この秋のウィーンは、音楽だけでなく美術も充実しています。今日で3日目の美術館通い。きっちりと見るために1日1美術館の方針です。
今日はベルヴェデーレ宮殿Schloss Belvedereに出かけましょう。ベルヴェデーレ宮殿に出かけると言っても、この宮殿にあるオーストリア・ギャラリーÖsterreichische Galerie Belvedereが目的です。この美術館はクリムトの名品の所蔵では有名ですが、saraiにはシーレの名品がたまりません。昨日のレオポルド美術館Leopold Museumの膨大なシーレ・コレクションをもってしても、このオーストリア・ギャラリーのシーレの珠玉のコレクションは欠くことのできない存在です。特に「家族」、「妻の肖像」、「4本の木の風景」という彼の28歳の死までの2年間の作品はとても素晴らしくいつまでも見ていたい作品です。
ベルヴェデーレ宮殿は美術館だけでなく美しい庭園があるので、本当は晴れている日のほうが気持ちが良かったのですが、こんなに曇り空が続くのでは晴れる日を選ぶなどという贅沢は言っていられません。
ベルヴェデーレ宮殿はホテルからは歩いても行ける距離ですが、体力は使い果たさない方がよいので、トラムを2つ乗り継いで向かいます。途中、ウィーン南駅の工事現場を通ります。まだまだ工事は続きそうですね。

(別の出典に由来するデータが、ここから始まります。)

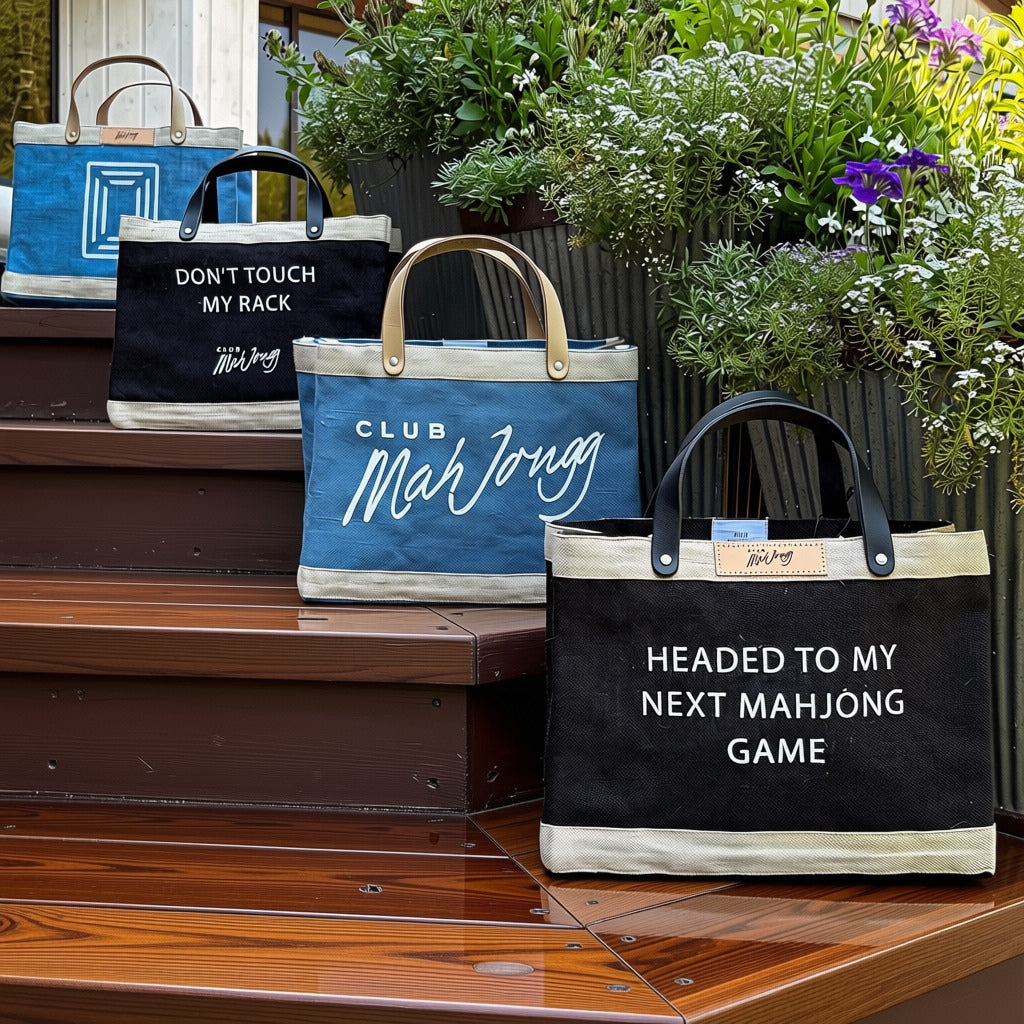 Four jute tote bags with leather handles arranged on wooden deck stairs next to potted flowers. The bags have different colors and printed phrases: one black bag says &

ベルヴェデーレ宮殿の門から中に入り、美しい宮殿の正面に出ます。

宮殿の右手の小屋はブルックナーが暮らしていたところです。今回はブルックナーも旅のテーマのひとつですから、見ていきましょう。

g
宮殿を回り込んで裏の方に出ると、美しい秋色のしっとりとした庭園が広がります。その向こうにはウィーンの街が見渡せます。

そういえば、ずっと庭園の工事をしていましたが、ようやく出来上がったようですね。saraiは、お約束の「タッチ」です。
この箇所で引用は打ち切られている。